Emmanuel Ihuoma Okah, commonly known as Emma Okah, is a lawyer and politician in Rivers State. A member of the People's Democratic Party, he served as Chief Press Secretary under Governor Odili, and was also Commissioner of Information under Omehia's government. He has chaired the Media and Publicity Committee of the Rivers State People's Democratic Party Campaign Organisation. After the PDP took over, Governor Ezenwo Wike appointed him to his cabinet. He was confirmed by the House on 5 June 2015 was sworn-in as Housing Commissioner on 12 June 2015.

==Early life and education==

Emmanuel Ihuoma Okah, popularly known as Emma Okah, is from Elele in Ikwerre Local Government Area of Rivers State, Nigeria.

He attended County Grammar School, Ikwerre/Etche, before studying Law at the University of Calabar, where he obtained a Bachelor of Laws (LL.B.) degree in 1988. He was called to the Nigerian Bar after completing his studies at the Nigerian Law School in 1989 and later earned a Master of Laws (LL.M.) degree from the University of Lagos in 1991.

==Career==

Emmanuel Ihuoma Okah began his professional career as a lawyer. During his National Youth Service Corps (NYSC), he served as a Legal Officer at Newbreed Magazine, where he later became the company's secretary and established the Chris Okolie Chambers.

Before establishing his own law firm in 1995, Okah worked with the chambers of the late Chief Gani Fawehinmi as a student attaché and later with Rickey Tarfa, SAN. In legal practice, he handled several civil and constitutional matters, including representing Newbreed Magazine and its publisher, Chief Chris Okolie, in a high-profile libel suit instituted by former President Olusegun Obasanjo.

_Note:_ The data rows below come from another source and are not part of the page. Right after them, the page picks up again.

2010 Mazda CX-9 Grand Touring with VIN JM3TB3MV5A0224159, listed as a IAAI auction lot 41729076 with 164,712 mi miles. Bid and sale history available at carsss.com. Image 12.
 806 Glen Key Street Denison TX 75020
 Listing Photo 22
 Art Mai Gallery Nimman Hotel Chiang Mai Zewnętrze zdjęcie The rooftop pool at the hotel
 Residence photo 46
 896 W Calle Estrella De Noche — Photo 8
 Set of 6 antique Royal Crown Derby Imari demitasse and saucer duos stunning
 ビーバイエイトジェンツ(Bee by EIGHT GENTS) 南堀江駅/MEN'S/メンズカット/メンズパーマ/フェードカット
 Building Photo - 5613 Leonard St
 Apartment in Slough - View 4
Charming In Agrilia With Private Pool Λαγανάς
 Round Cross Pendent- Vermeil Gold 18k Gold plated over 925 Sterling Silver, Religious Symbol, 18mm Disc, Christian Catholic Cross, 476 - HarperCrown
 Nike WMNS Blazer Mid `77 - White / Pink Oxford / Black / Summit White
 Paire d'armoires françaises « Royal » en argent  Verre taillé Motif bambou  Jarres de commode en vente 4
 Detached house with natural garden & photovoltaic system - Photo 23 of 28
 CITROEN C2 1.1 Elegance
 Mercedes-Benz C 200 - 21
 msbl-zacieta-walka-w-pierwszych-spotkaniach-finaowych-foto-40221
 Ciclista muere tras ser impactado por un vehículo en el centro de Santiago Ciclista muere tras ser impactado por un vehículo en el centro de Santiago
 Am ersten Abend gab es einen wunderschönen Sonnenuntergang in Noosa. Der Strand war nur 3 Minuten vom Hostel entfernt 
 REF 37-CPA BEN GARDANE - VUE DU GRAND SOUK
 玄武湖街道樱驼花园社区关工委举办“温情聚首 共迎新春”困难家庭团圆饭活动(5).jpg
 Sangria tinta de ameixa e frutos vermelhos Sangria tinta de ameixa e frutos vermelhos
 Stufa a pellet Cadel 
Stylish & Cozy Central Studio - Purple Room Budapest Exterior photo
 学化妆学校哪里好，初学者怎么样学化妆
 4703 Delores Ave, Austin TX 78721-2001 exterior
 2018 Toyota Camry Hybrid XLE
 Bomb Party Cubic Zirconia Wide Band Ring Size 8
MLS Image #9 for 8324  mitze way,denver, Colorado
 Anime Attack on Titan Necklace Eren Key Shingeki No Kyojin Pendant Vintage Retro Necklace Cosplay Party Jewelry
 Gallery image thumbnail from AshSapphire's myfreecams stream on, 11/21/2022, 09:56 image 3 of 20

Alongside his legal practice, Okah developed a career in journalism and public communication. He wrote newspaper columns on governance and public affairs and later served as Chief Press Secretary to Rivers State Governor Peter Odili, a position that marked his transition from legal practice into public service.

== Political career ==

Emmanuel Ihuoma Okah transitioned from legal practice and media relations into public service through political appointments in Rivers State.

He served as Chief Press Secretary to Governor Peter Odili.

In 2007, Okah was appointed Commissioner for Information in the administration of Governor Celestine Omehia. Following the political changes that brought Rotimi Amaechi into office, he returned to legal practice and remained active in the Peoples Democratic Party (PDP).

In 2011, Okah sought the Peoples Democratic Party (PDP) nomination to represent Ikwerre/Emohua Federal Constituency in the House of Representatives but was unsuccessful.

Following the election of Governor Nyesom Wike in 2015, Okah was appointed Commissioner for Housing after his nomination was confirmed by the Rivers State House of Assembly. In 2017, he was redeployed as Commissioner for Information and Communications, a position he held in the Rivers State Executive Council.

== Community service ==

Emmanuel Ihuoma Okah has participated in public policy and civic engagement initiatives in Rivers State beyond his service in government.

In 2024, he was appointed Chairman of the Media and Publicity Subcommittee of the Rivers State Investment and Economic Summit.